BEGIN

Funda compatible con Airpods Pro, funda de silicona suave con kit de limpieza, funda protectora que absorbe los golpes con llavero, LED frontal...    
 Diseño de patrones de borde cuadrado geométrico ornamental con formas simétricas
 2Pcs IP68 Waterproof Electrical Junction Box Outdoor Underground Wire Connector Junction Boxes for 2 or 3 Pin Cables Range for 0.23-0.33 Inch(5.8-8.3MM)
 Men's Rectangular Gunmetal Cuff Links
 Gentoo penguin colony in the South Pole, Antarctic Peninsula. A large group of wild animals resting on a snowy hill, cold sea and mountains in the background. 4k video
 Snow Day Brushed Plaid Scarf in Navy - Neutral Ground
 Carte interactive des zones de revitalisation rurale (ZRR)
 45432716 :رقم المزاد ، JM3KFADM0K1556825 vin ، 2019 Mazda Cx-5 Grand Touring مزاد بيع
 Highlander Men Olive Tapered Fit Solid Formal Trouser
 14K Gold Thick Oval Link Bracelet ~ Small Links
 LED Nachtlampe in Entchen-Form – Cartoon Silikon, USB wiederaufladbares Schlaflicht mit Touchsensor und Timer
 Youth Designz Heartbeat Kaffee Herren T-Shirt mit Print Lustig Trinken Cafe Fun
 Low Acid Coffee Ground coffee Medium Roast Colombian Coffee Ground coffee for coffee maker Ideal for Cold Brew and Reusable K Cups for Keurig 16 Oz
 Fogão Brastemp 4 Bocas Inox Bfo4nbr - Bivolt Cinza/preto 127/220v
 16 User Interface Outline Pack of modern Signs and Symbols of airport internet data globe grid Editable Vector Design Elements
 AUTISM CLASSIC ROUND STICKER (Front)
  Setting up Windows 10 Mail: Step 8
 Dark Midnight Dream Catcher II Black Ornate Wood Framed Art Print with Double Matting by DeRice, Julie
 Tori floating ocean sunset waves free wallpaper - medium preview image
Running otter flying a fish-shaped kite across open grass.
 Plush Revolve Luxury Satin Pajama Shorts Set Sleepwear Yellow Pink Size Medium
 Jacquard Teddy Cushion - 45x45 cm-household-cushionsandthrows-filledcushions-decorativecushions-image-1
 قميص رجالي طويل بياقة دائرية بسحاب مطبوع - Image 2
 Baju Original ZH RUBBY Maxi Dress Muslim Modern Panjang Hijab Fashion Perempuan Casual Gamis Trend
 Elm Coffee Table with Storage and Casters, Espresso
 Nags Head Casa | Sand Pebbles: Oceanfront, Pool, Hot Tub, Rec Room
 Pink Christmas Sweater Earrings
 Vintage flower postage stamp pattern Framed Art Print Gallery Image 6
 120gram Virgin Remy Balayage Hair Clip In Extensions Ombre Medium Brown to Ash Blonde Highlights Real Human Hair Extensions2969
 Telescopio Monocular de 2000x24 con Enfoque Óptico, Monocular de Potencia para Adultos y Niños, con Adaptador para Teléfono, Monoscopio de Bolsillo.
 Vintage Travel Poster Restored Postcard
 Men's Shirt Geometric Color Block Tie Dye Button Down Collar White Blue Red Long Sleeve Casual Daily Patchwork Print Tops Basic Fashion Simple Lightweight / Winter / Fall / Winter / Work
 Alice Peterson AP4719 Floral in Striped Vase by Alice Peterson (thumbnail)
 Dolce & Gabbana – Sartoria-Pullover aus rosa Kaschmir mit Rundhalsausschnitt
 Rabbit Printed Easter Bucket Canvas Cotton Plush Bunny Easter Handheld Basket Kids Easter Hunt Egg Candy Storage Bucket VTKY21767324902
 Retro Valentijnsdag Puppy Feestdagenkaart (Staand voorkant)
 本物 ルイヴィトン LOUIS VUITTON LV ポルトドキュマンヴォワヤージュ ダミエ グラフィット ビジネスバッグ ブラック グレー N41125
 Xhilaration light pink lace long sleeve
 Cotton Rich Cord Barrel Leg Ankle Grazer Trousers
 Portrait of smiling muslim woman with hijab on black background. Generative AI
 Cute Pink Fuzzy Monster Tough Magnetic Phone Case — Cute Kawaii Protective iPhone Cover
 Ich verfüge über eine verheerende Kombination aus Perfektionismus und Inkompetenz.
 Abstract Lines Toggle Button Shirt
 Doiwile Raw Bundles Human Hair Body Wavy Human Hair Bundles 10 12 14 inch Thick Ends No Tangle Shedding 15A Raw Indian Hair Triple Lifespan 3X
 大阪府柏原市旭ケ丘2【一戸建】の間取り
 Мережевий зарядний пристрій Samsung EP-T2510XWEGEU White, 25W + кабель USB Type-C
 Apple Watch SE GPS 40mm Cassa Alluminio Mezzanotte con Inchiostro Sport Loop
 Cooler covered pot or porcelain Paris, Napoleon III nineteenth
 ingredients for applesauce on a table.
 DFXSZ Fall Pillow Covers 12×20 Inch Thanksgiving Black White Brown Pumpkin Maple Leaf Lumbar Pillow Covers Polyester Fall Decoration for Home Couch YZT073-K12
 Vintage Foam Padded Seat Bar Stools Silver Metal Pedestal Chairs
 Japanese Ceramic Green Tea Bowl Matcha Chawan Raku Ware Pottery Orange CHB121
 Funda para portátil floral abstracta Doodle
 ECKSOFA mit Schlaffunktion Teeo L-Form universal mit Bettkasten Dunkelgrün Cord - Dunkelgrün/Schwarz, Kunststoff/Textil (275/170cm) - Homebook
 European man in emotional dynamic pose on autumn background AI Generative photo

END

- _What to work on_
Find the line with "Japanese Ceramic Green" in the entries above. Retype it and each line after it, exactly, through the line with "ECKSOFA mit Schlaffunktion", and stop there.

- _Answer for the task_
 Japanese Ceramic Green Tea Bowl Matcha Chawan Raku Ware Pottery Orange CHB121
 Funda para portátil floral abstracta Doodle
 ECKSOFA mit Schlaffunktion Teeo L-Form universal mit Bettkasten Dunkelgrün Cord - Dunkelgrün/Schwarz, Kunststoff/Textil (275/170cm) - Homebook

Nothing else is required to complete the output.